Dari beberapa remaja tersebut, terdapat pola yang sama. Mereka sama – sama tidak memiliki figur ayah. Baik karena figur ayah yang tidak bisa berkomunikasi, otoriter, atau tampak tidak peduli terhadap keberadaan anak. Figur ayah yang berfungsi sebagai fondasi mental bagi anak, hilang entah ke mana. Anak tumbuh dengan mental yang labil dan tidak jelas arah hidupnya. Apa lagi, saat ada masalah keseharian yang sebenarnya tidak begitu berarti. Kebimbangan dalam mencari jati diri–yang menurut Erikson memang wajar terjadi di usia remaja–menjadi semakin sukar untuk dijalani.

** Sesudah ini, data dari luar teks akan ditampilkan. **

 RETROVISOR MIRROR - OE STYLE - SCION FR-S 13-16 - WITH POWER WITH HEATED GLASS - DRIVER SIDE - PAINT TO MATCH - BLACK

Ada banyak pendekatan teori yang bisa dilakukan untuk melihat fenomena pada para remaja tersebut. Misalkan saja, pendekatan Kohut dan Horney yang disandingkan dengan teori eksistensialisme yang memengaruhi seseorang dalam menentukan makna hidupnya secara mandiri, atau teori – teori kelekatan lain yang sejalan dengan perkembangan anak di bawah asuhan orang tua. Tetapi, berbagai teori yang melandasi fenomena tersebut tidak akan dijabarkan dengan detail di tulisan ini. Hal tersebut agar tulisan ini tidak mendahului presentasi teman sejawat saya di konferensi internasional di yang belum diselenggarakan.

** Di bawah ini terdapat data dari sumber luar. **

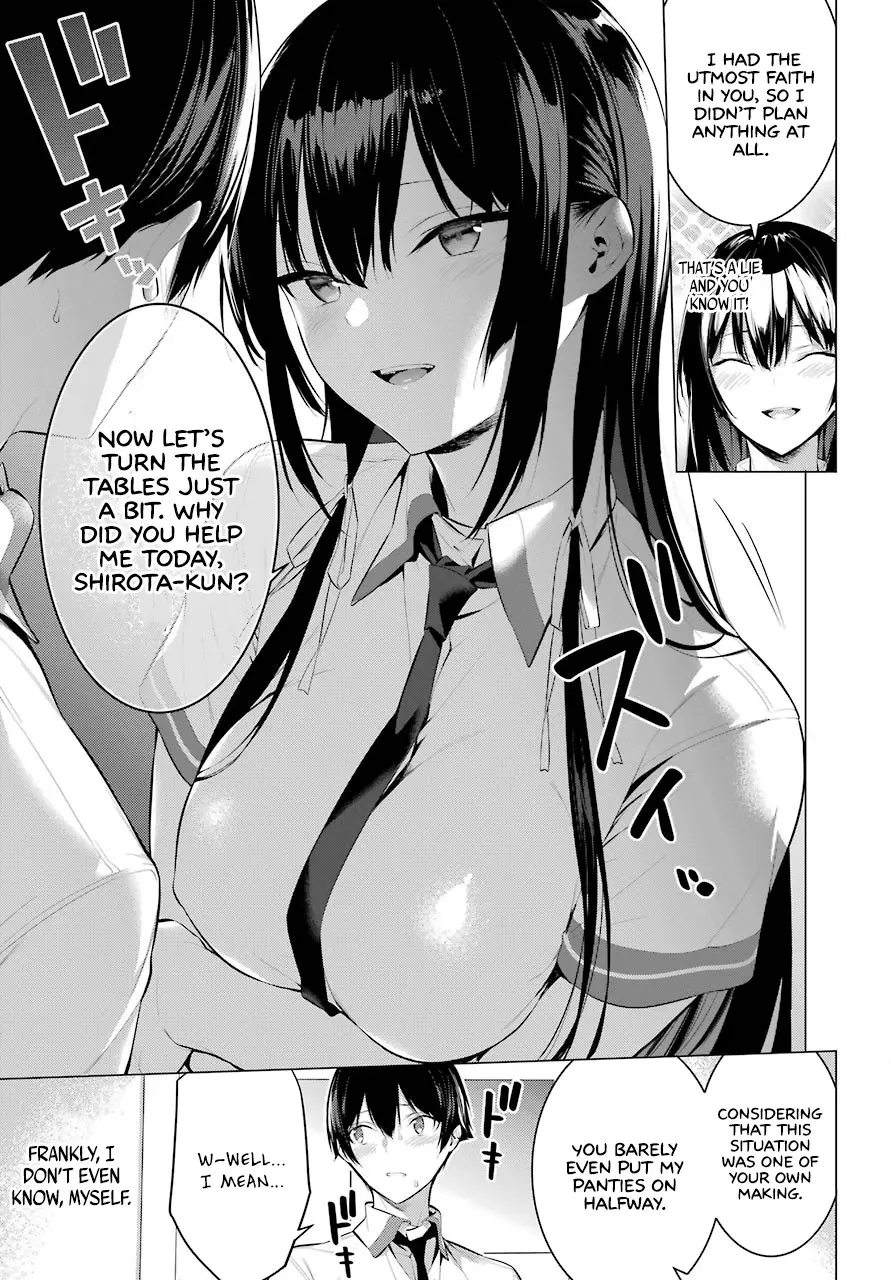 Haite Kudasai, Takamine-san page 48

Baik. Mari kita kembali ke warung kopi.
Kehampaan yang dirasakan oleh pengunjung remaja menjadi terisi di warung kopi. Diisi oleh pemilik warung yang selalu menyapa dan mengajak bicara semua pelanggan yang ada. Diawali dengan basa-basi ringan. Lalu, jika ada kesempatan, menyeret lawan bicara untuk berdialektika tanpa disadari. Dialektika yang menjunjung tinggi kesetaraan dan membuat remaja merasa dihargai oleh laki – laki yang jauh lebih tua. Kesan yang pada kebanyakan pelanggan setia tidak didapatkan dari ayah di rumah.
Pemilik warung kopi memosisikan diri sebagai teman bagi para remaja yang berusia jauh di bawahnya. Bukan karena itu saja. Sang pemilik secara tidak sadar tetap membawa aroma “orang tua” saat berdialektika dengan anak – anak itu. Posisi ego orang tua–jika menggunakan teori transaksional analisis menurut Eric Berne yang pernah ditulis dengan lebih lengkap di Id, Ego, Superego: Semua Orang Memainkan Peran–secara samar tetap muncul.
Peran orang tua yang demokratis dan otoriter muncul secara bergiliran dengan halus dan meneduhkan. Sikap demokratis, tentu saja, ditampakkan dengan gaya pemilik warung dalam berdiskusi dan bertukar pikiran. Tanpa menyalahkan karena setiap sudut pandang memiliki kebenaran dari sisi masing-masing. Walaupun sesekali, pemilik warung tetap menerapkan sikap otoriter yang subtil. Sikap otoriter di sini bukan bermakna negatif. Seperti tetap menaruh patok – patok norma ketimuran. Salah satunya adalah dilarang untuk berkata kasar di area warung. Atau, contoh yang lebih personal, melarang remaja – remaja itu membenci orang tuanya apa pun yang terjadi.
Sikap otoriter ini sempat saya utarakan ke pemilik warung di mana hal tersebut semakin memperjelas posisinya sebagai orang tua saat bicara dengan para remaja yang kehilangan arah. Walaupun akhirnya mengakui, awalnya ia menolak argumentasi saya karena memang tindakan tersebut sangat samar dan tidak disadari. Lagi pula, tindakan otoriter ini pula lah yang membuatnya semakin menjadi ayah yang dirindukan.
Beberapa pelanggan menganggapnya sebagai figur ayah yang melebihi ayah kandung mereka. Mereka lebih sering berkeluh kesah dan meminta saran kepada Aristoteles di warung Rasa Kopi Tiam. Kedekatan yang sewajarnya lebih banyak diberikan oleh orang tua mereka. Oleh ayah – ayah mereka. Kondisi yang membuat Rasa Kopi Tiam menjadi tempat teduh untuk bernaung para anak domba yang kehilangan arah. Bisa jadi, beberapa anak domba yang hilang itu adalah anak dari pembaca tulisan ini.